Content starts

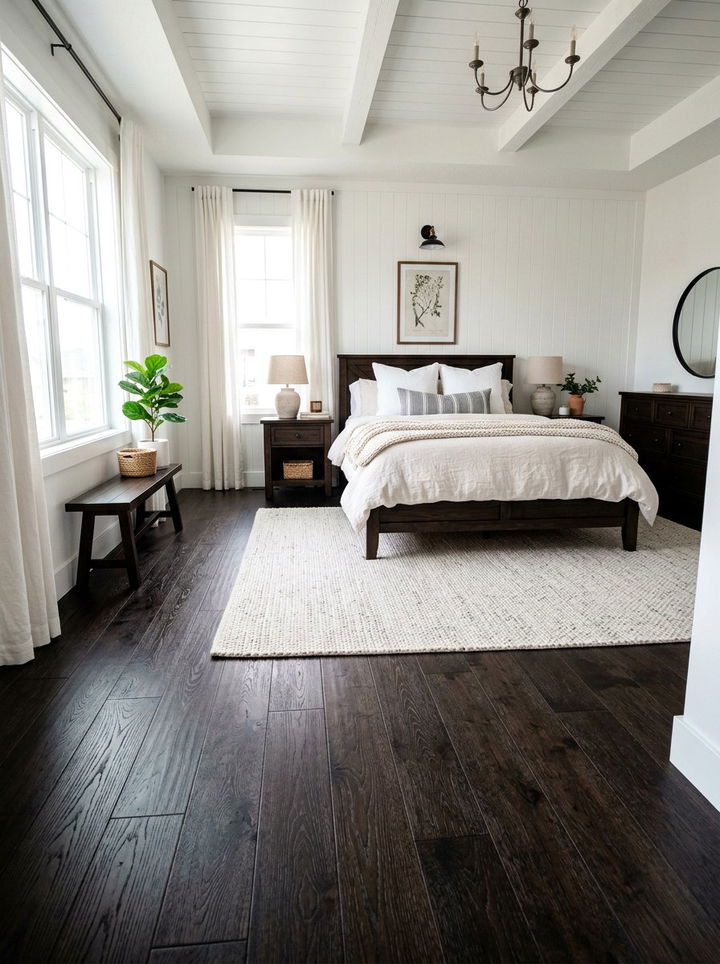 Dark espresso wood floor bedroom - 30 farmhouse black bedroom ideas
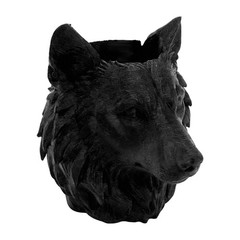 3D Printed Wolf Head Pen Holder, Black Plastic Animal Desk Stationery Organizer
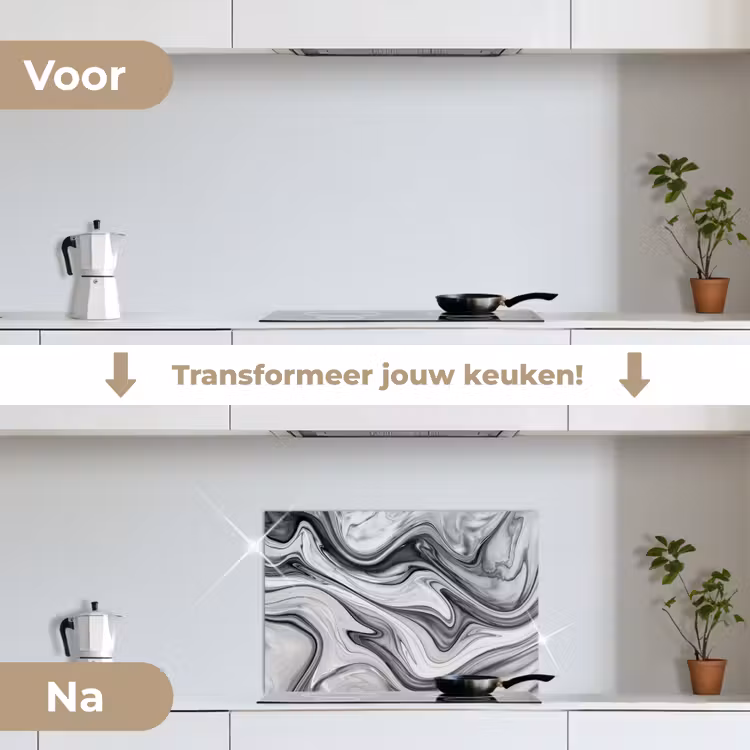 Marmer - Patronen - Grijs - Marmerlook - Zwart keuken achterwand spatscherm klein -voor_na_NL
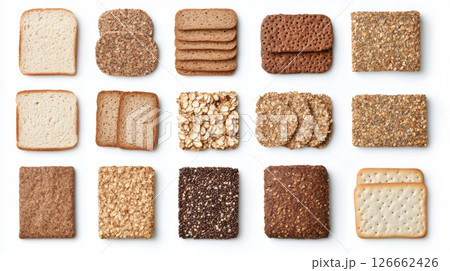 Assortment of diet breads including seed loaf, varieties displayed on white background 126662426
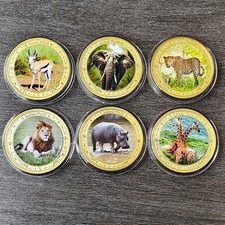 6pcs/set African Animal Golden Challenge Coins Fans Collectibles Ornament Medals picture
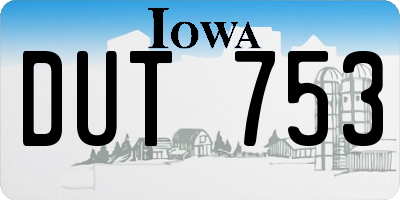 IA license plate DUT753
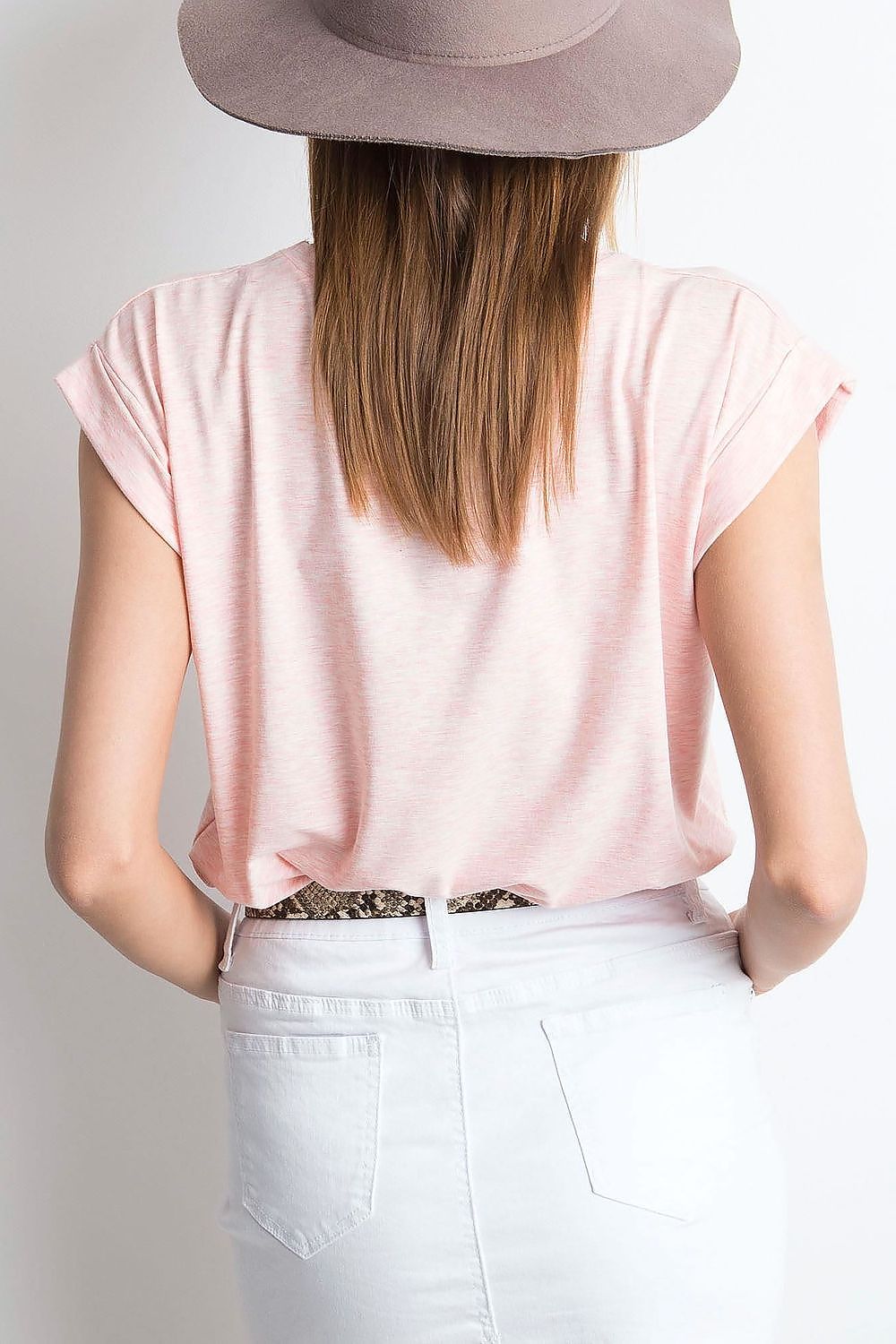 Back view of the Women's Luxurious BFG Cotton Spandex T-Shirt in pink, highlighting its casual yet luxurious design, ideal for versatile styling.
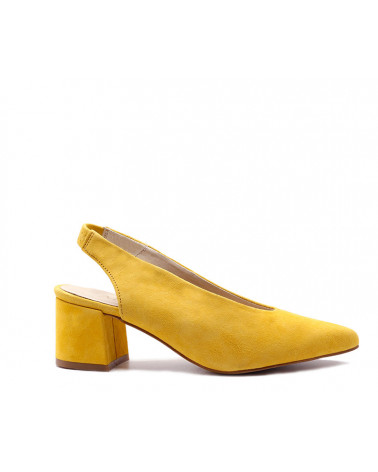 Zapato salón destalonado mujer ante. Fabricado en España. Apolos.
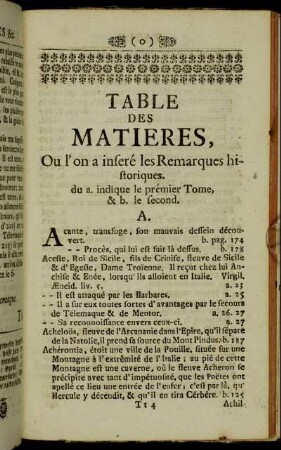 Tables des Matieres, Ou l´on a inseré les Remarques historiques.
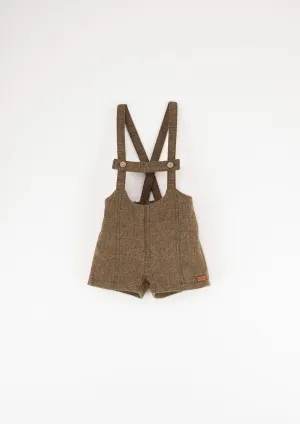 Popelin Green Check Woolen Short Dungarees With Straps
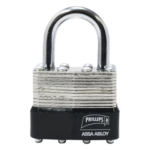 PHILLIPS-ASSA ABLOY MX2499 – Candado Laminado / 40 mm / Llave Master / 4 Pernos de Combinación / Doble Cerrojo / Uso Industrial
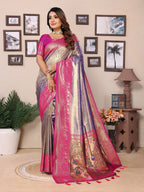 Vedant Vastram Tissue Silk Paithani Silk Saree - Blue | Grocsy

Content ends

■ **The problem**
The lines from the one containing "6pcs/set African Animal" to the last line of the records, both included: print exactly those and nothing else, leaving out any pictures.

■ **Response to the exercise**
 6pcs/set African Animal Golden Challenge Coins Fans Collectibles Ornament Medals picture
 IA license plate DUT753
 Back view of the Women's Luxurious BFG Cotton Spandex T-Shirt in pink, highlighting its casual yet luxurious design, ideal for versatile styling.
 Zapato salón destalonado mujer ante. Fabricado en España. Apolos.
 Tables des Matieres, Ou l´on a inseré les Remarques historiques.
 Popelin Green Check Woolen Short Dungarees With Straps
 PHILLIPS-ASSA ABLOY MX2499 – Candado Laminado / 40 mm / Llave Master / 4 Pernos de Combinación / Doble Cerrojo / Uso Industrial
 Vedant Vastram Tissue Silk Paithani Silk Saree - Blue | Grocsy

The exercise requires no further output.